Exercise: Only one portion of the data is to be written out: from the line bearing "Skechers Skech-Air Court" through the line bearing "Brake disc new holland tm 5154521 cnh". Write it exactly as it appears.

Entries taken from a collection
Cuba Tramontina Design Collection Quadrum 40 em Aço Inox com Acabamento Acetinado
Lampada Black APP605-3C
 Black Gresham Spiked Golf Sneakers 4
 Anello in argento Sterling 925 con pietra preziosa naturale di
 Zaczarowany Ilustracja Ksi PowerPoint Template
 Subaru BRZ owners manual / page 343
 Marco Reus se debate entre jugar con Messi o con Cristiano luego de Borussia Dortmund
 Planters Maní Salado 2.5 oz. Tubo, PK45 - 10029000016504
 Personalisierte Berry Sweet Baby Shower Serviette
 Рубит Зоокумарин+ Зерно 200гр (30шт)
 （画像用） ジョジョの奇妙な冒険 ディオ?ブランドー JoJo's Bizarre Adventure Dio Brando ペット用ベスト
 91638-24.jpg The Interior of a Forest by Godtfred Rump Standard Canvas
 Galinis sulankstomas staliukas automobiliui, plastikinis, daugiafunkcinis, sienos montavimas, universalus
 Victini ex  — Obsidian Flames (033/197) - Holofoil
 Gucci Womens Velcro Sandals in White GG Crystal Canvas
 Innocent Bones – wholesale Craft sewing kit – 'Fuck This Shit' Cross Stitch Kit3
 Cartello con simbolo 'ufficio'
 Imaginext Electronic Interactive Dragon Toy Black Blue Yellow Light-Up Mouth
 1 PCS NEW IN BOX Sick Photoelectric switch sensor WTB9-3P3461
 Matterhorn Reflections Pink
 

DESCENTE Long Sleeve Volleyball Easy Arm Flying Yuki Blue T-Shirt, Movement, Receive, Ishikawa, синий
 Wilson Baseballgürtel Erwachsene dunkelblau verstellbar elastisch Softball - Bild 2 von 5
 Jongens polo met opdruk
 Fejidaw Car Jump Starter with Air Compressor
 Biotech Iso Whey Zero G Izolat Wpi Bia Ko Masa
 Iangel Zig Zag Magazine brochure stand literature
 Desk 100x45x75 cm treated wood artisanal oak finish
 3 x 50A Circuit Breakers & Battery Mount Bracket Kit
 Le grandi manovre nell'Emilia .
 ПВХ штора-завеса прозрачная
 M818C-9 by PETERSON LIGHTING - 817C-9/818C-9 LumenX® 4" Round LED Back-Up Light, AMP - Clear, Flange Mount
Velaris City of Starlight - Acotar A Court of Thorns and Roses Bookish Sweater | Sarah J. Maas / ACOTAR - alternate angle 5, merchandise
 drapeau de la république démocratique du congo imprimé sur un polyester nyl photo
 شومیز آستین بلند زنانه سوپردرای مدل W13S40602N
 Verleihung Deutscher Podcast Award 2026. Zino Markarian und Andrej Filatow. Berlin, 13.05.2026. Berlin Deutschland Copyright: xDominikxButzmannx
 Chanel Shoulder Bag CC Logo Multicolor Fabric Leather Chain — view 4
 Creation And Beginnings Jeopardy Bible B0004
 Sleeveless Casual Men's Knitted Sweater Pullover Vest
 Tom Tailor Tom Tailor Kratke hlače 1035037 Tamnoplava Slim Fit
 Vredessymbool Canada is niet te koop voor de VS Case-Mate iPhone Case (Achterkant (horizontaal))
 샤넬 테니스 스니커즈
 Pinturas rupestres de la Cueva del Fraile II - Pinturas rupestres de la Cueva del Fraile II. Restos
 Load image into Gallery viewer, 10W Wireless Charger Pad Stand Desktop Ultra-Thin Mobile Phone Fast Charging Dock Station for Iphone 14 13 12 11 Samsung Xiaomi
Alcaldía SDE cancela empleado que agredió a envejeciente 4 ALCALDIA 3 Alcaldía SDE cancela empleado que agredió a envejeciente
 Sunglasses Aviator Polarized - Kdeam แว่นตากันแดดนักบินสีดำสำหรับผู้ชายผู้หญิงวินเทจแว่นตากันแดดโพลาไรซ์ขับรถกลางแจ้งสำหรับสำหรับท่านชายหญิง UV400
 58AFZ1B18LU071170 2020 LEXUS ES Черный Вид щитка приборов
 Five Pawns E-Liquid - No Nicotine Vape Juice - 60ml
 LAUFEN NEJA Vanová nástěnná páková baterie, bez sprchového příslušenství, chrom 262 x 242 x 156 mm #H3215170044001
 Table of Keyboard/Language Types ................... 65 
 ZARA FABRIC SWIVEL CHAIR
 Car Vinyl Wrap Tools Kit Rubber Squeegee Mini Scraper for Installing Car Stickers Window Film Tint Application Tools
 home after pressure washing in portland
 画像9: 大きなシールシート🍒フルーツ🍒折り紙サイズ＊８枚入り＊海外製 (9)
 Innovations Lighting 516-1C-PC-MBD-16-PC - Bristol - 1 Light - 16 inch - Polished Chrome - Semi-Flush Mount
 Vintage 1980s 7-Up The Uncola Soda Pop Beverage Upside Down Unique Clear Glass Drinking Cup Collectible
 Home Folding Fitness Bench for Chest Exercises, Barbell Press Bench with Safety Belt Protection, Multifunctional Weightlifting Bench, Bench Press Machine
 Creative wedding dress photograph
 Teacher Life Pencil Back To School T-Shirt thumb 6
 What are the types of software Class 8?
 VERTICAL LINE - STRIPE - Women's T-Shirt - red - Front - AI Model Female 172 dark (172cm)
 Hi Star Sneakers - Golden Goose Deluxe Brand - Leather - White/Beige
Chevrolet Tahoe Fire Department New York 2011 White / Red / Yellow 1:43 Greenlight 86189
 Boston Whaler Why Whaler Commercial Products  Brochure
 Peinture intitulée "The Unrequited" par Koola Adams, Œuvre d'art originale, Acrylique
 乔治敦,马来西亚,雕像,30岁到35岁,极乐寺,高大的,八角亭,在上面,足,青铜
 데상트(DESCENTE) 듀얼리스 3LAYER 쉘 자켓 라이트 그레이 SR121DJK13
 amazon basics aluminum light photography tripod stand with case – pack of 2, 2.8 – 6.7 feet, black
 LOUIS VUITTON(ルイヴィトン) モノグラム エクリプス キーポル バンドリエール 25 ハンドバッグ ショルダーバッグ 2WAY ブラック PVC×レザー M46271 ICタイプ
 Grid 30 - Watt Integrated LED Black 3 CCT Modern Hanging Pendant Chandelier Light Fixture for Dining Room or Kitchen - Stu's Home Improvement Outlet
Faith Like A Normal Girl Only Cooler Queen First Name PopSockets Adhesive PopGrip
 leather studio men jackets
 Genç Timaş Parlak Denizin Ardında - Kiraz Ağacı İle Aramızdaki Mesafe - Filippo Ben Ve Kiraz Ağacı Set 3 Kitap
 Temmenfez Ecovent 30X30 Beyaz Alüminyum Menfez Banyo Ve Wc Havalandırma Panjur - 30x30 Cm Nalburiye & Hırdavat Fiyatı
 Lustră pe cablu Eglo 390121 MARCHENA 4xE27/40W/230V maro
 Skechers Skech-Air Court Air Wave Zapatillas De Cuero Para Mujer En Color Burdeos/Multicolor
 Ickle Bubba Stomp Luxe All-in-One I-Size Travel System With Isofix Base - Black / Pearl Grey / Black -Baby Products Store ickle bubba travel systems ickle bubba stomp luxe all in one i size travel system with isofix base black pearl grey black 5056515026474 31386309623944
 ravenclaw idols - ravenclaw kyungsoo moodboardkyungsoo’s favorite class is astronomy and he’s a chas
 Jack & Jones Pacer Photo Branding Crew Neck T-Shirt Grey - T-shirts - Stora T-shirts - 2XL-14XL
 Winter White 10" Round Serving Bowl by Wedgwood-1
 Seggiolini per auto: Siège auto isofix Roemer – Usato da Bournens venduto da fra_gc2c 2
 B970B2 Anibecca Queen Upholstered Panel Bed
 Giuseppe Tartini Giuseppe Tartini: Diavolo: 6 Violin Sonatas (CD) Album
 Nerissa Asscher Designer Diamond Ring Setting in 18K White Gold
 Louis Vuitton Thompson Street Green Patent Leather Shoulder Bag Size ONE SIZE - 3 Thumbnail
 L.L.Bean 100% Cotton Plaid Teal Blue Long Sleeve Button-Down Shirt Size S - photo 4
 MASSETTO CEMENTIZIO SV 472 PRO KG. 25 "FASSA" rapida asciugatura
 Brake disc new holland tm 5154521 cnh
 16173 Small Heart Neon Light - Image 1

Solution below:
 Skechers Skech-Air Court Air Wave Zapatillas De Cuero Para Mujer En Color Burdeos/Multicolor
 Ickle Bubba Stomp Luxe All-in-One I-Size Travel System With Isofix Base - Black / Pearl Grey / Black -Baby Products Store ickle bubba travel systems ickle bubba stomp luxe all in one i size travel system with isofix base black pearl grey black 5056515026474 31386309623944
 ravenclaw idols - ravenclaw kyungsoo moodboardkyungsoo’s favorite class is astronomy and he’s a chas
 Jack & Jones Pacer Photo Branding Crew Neck T-Shirt Grey - T-shirts - Stora T-shirts - 2XL-14XL
 Winter White 10" Round Serving Bowl by Wedgwood-1
 Seggiolini per auto: Siège auto isofix Roemer – Usato da Bournens venduto da fra_gc2c 2
 B970B2 Anibecca Queen Upholstered Panel Bed
 Giuseppe Tartini Giuseppe Tartini: Diavolo: 6 Violin Sonatas (CD) Album
 Nerissa Asscher Designer Diamond Ring Setting in 18K White Gold
 Louis Vuitton Thompson Street Green Patent Leather Shoulder Bag Size ONE SIZE - 3 Thumbnail
 L.L.Bean 100% Cotton Plaid Teal Blue Long Sleeve Button-Down Shirt Size S - photo 4
 MASSETTO CEMENTIZIO SV 472 PRO KG. 25 "FASSA" rapida asciugatura
 Brake disc new holland tm 5154521 cnh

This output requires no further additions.